AG Fitch said that with her office’s brief they are asking the Court to acknowledge the right of the people to protect their interests and give clarity on how to do that.
“Mississippi is leading the charge in standing up for the most vulnerable in our society,” Senator Roger Wicker said. “This case represents the most significant challenge in a generation to Roe v. Wade, which has imposed abortion on demand across this country for nearly 50 years.

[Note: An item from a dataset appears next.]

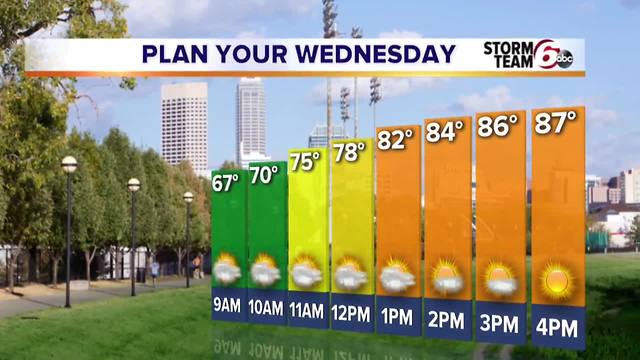 Patchy fog tonight. Warm through the weekend.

I am proud to stand with Mississippi in this noble fight.”
Fitch is of the opinion that in the nearly 50 years since Roe, science and society have continued on and made even further breakthroughs when it comes to knowledge regarding an unborn baby and gestation.

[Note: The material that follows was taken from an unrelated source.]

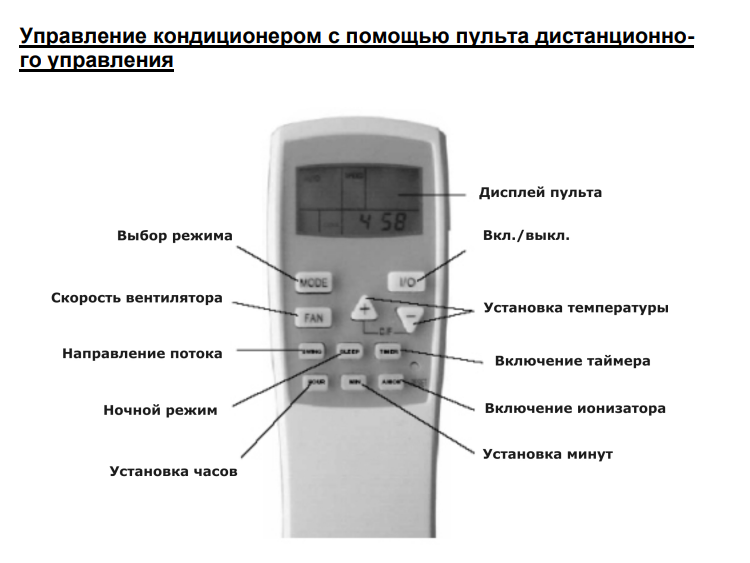 Что означает капля на пульте кондиционера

For instance, during these 50 years the viability marker has moved from 28 weeks to 22 weeks in some cases, and science will only continue to advance.
“Legislatures should be able to respond to those advances, which they cannot do in the face of flawed precedents that are anchored to decades-stale views of life and health,” the brief argues.
The Attorney General asks the Court to consider the policy and cultural shifts that have occurred in the 30-50 years since Roe and Casey and argues that the precedent set in these cases, “shackle states to a view of facts that is decades out of date.”
The brief also countered Casey by stating that, “Many laws (largely post-dating Roe) protect equal opportunity—including prohibitions on sex and pregnancy discrimination in employment, guarantees of employment leave for pregnancy and birth, and support to offset the costs of childcare for working mothers…. Casey gives no good reason to believe that decades of advances for women rest on Roe, and evidence is to the contrary.”